|
1 Structural Processes Group, Department of Geological Sciences, University of Vienna, Althanstrasse 14, Vienna A-1090, Austria michael.edwards{at}univie.ac.at
2 Institut für Geologie, TU-Bergakademie Freiberg, D-09596 Freiberg, Germany
Fault-zone surveying and microstructural analyses focus on a transtensionally strained section of a >100 km-long, 5–15 km-wide, active, sinistral strike-slip W-E fault — the Damxung-Jiali Shear Zone (DJSZ). Deformation fabric superposition, palaeostress and neotectonic measurements reveal a progressive dominance of the transtension coaxial component. Vertical flattening and broadening of the DJSZ results in a 10–20 km-wide pull-apart depression with reciprocal emergence of flanking highlands that expose abandoned fault-zone domains that are hundreds of metres by tens of km in size.
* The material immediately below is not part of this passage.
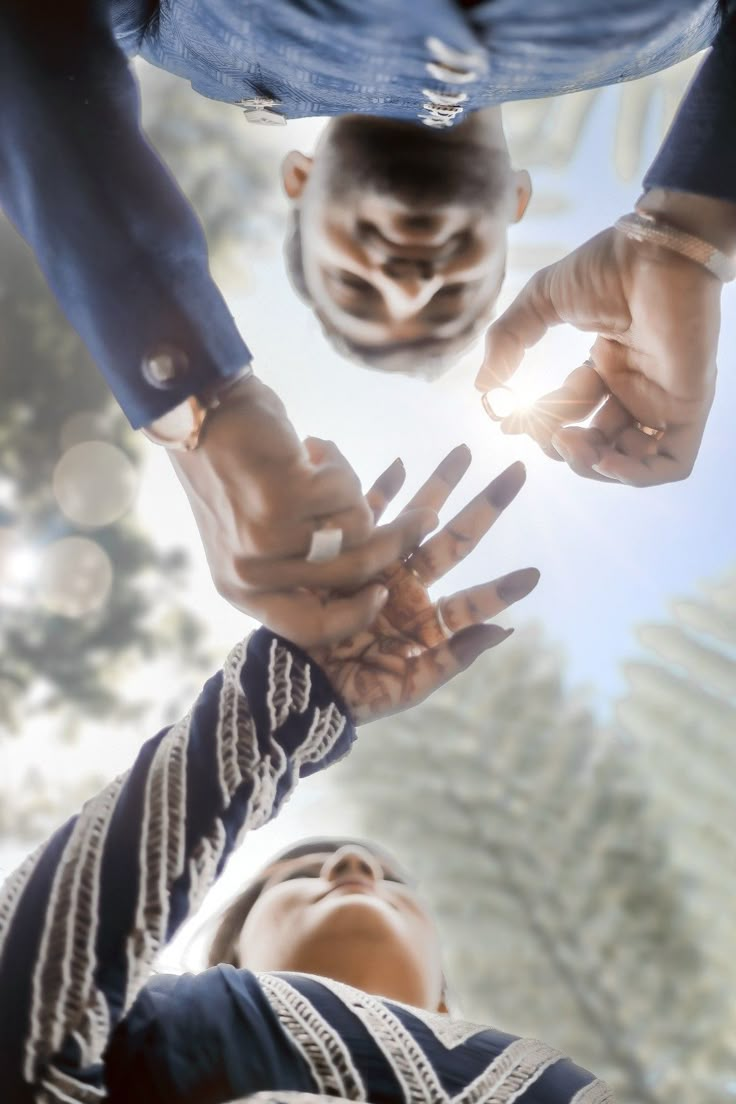 three people reaching their hands up to each other in the air with sunlight shining through them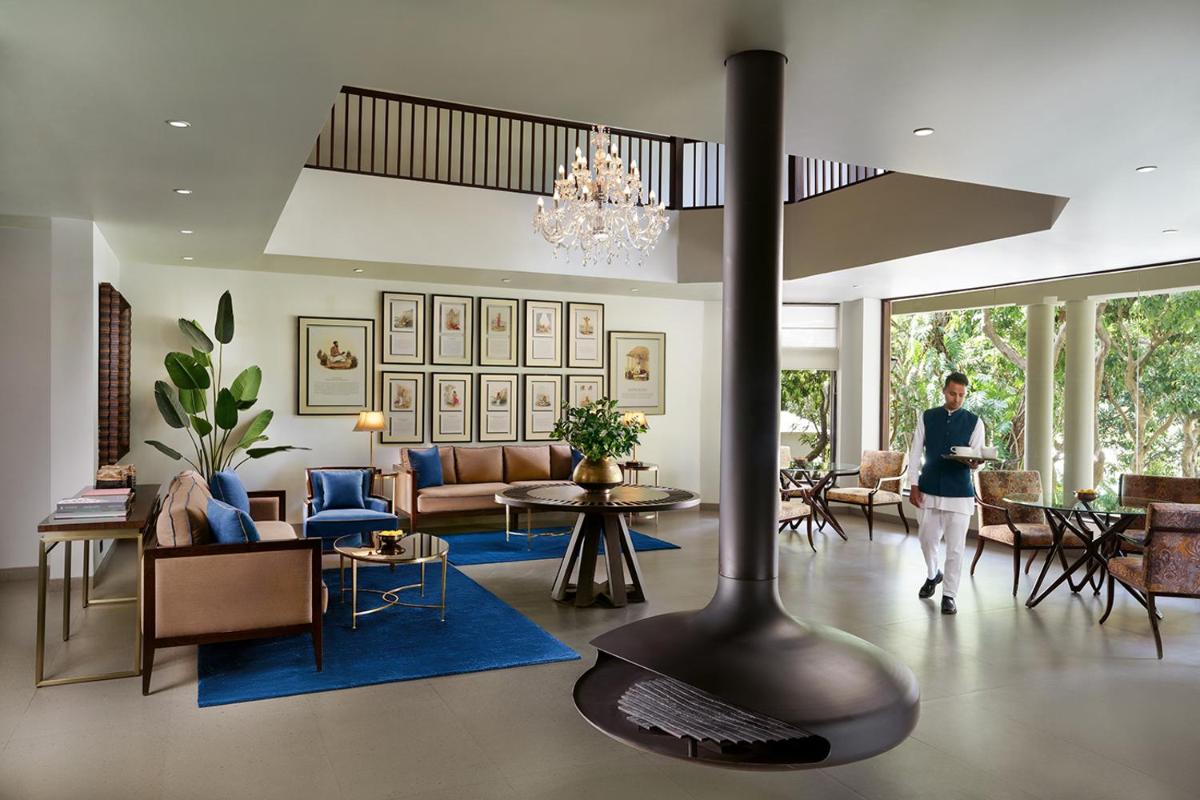 a person walking through a living room with a fireplace at Anand Kashi by the Ganges Rishikesh - IHCL Seleqtions in Rishīkesh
Polylithological fault rocks preserve a suite of frictional and viscous deformation to c. 350 °C. Amongst the fault strands, intensity and distribution of grain size reduction from comminution, widespread solution transfer, intragranular plasticity and recrystallization is heterogeneous. A regular pattern of pseudotachylite-coated surfaces short-cutting strong volcanic mylonite domains between weak creeping calcite domains indicates seismic with aseismic strain, and is interpreted as velocity-weakening evidence. Re-brecciation of solution-transfer accommodation-assisted S-C-cataclasite domains document switches from frictional to viscous strain and back again. The co-location of brittle and plastic constituent behaviour for varied fault lithologies plus our interpretations on deformation temperatures suggests major overlap for the frictional and viscous depth ranges. This indicates a very broad and strongly velocity- and fluid-dependent ‘brittle-ductile’ transition.